Table of contents : CLICK HERE !

Tuesday, November 28, 2017

Eric Weitz' book about Weimar Germany (and Weimar Berlin)

Weimar Germany, a book

University of Minnesota history professor Eric D. Weitz has written a book about Weimar Germany. He sees that era as a time of progressive achievements and he views Weimar in its own right, not just as a prelude to the Third Reich.

Link to professor Weitz' book on Amazon

One of the chapters is devoted to Berlin, the capital of the Weimar Republic.

Here, a excerpt from that chapter :

Weimar was Berlin, Berlin Weimar. With more than four million residents, the capital was by far the largest city in Germany, the second largest in Europe, a megalopolis that charmed and fright-
ened, attracted and repelled Germans and foreigners alike. 

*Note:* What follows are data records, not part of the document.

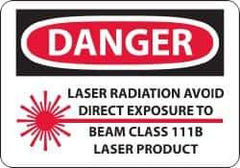 NMC - "Danger - Laser Radiation - Avoid Direct Exposure to Beam - Class 111b Laser Product", 10" Long x 14" Wide, Aluminum Safety Sign - Rectangle, 0.04" Thick, Use for Accident Prevention - All Tool & Supply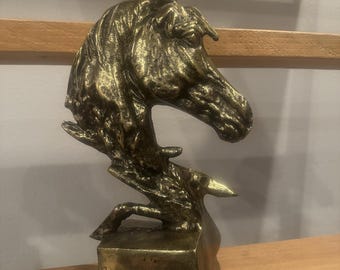 Cast Bronze Horse Bust Sculpture - LARGE 15"
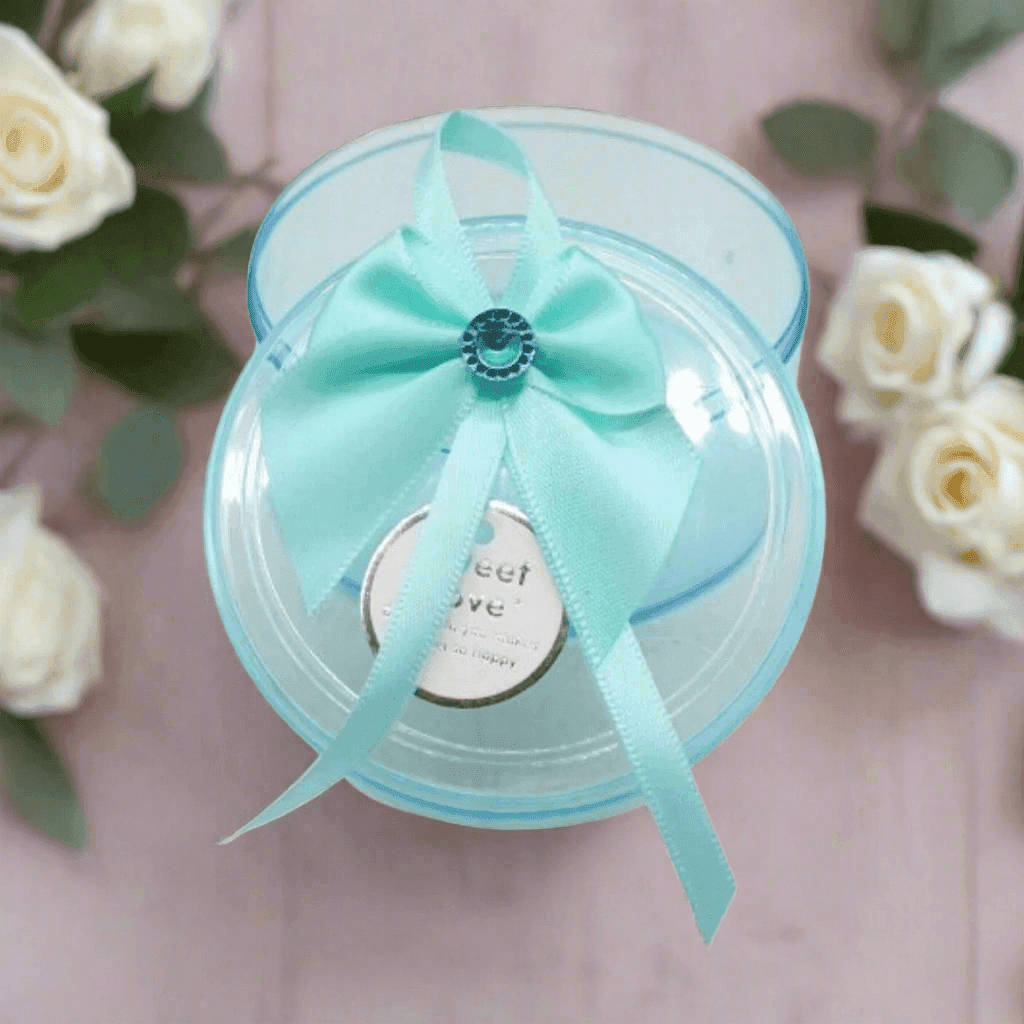 Round Turquoise Empty Decorative Acrylic Box | Gift Box | Chocolate Box | Sweet Box | Jewellery Box | Plastic Box | Pack of 12 - Bakeyy.com - India - Round Turquoise Empty Decorative Acrylic Box | Gift Box | Chocolate Box | Sweet Box | Jewellery Box | Plastic Box | Pack of 12 - Default Title
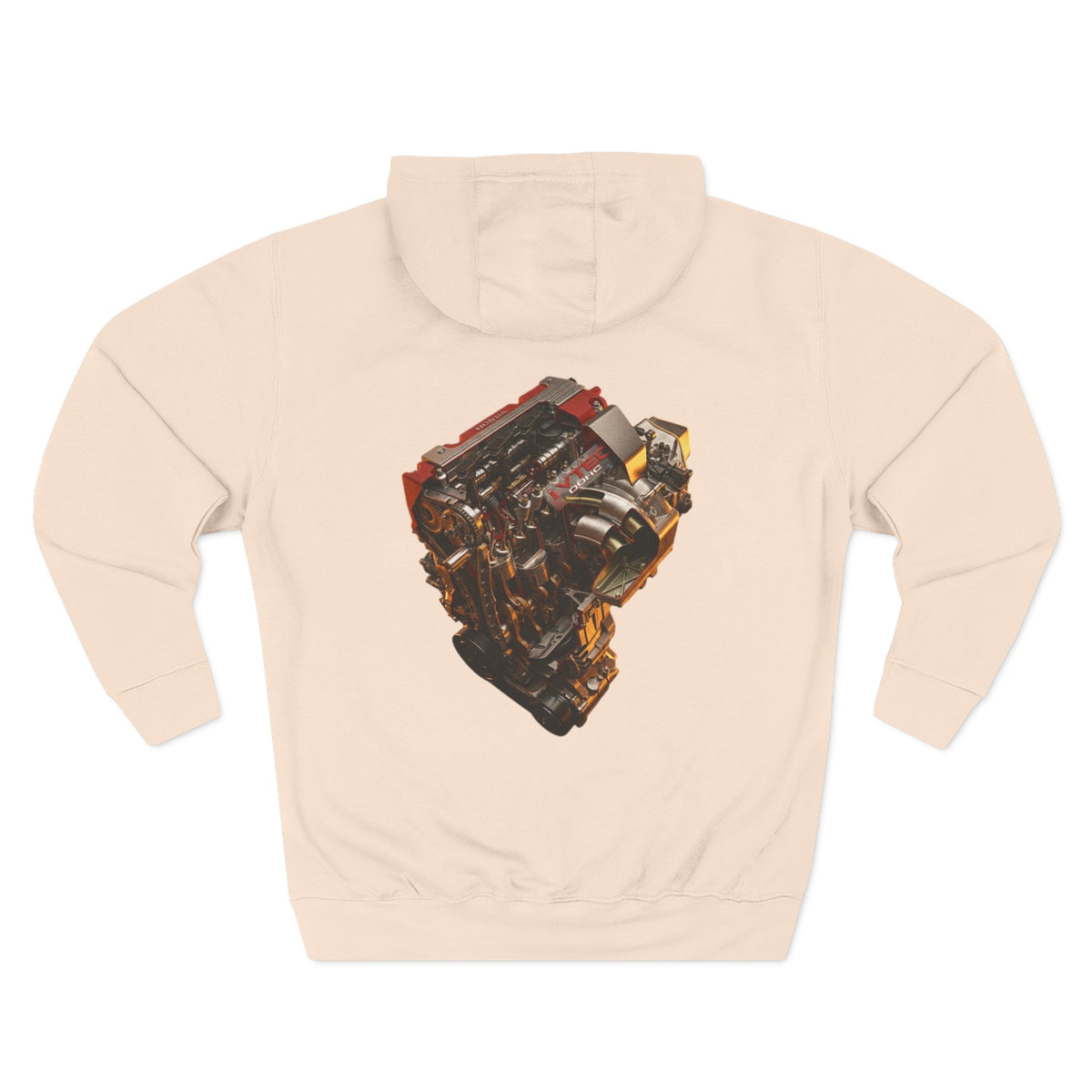 Engine Heart Hoodie — JDM Automotive Streetwear White Fleece | MPM Tuning Design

In the 1920s it was one of Germany’s and Europe’s great cultural centers, the home of the Philharmonie, the State Opera, the Comic Opera, scores of theaters, and a cluster of great museums, all located in the center of the city. Berlin was a magnet for artists and poets, the young and ambitious. It had a glittering nightclub scene, including scores of homosexual bars, and a relentless fascination with the body and sex.

Berlin was a great economic machine that churned out electrical goods, textiles, and confectionary products in huge quantities. It was the governmental center, and from the famed Wilhelmstraße, home of the Foreign Office, the Reich Chancellery, where the government sat, and the Reichstag, the parliament building, Germany’s leaders and bureaucrats tried desperately to maintain order, promote prosperity, and revive the nation’s international position. 

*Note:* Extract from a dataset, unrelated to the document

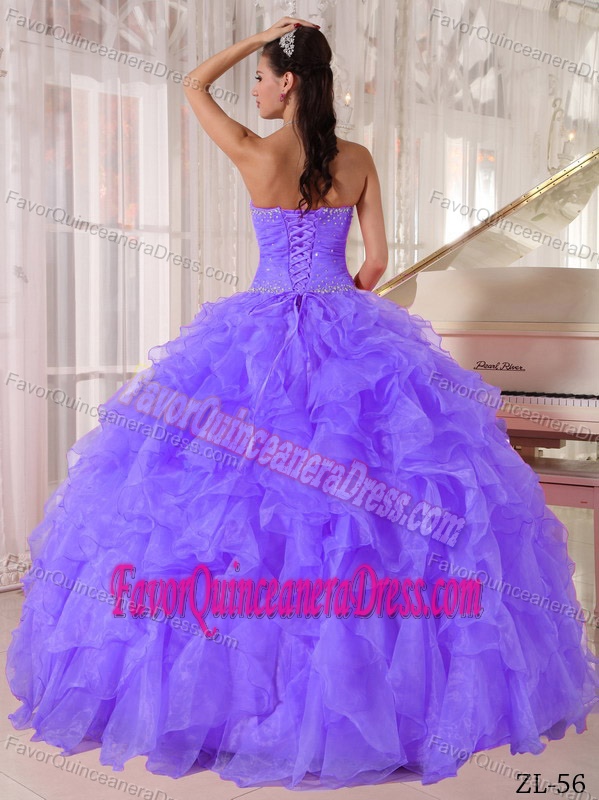 Stunning Strapless Organza Quinceanera Dress with Beading in Lilac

It was a city of leisure, with neighborhoods of elegant wealth and amusement parks, a zoo, and numerous lakes accessible by rail or streetcar to virtually all Berliners. Its infamous tenement blocks rivaled the slums of any great city for their darkness, congestion, and poverty. Tens of thousands of Russian émigrés, fleeing from communism, and Poles looking for work and business opportunities contributed to the city’s international feel. 

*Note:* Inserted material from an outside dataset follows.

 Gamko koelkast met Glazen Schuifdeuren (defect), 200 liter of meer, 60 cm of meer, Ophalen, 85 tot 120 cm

Berlin’s Jewish community was the largest in Germany, its main synagogue an elegant symbol of piety and prosperity. The Berlin Dom, the Protestant cathedral commissioned by Kaiser Wilhelm II and completed in 1905, had a massive presence, its bombastic, late Renaissance style a testament to the pretensions and arrogance of the Hohenzollern rulers deposed in the revolution of 1918–19.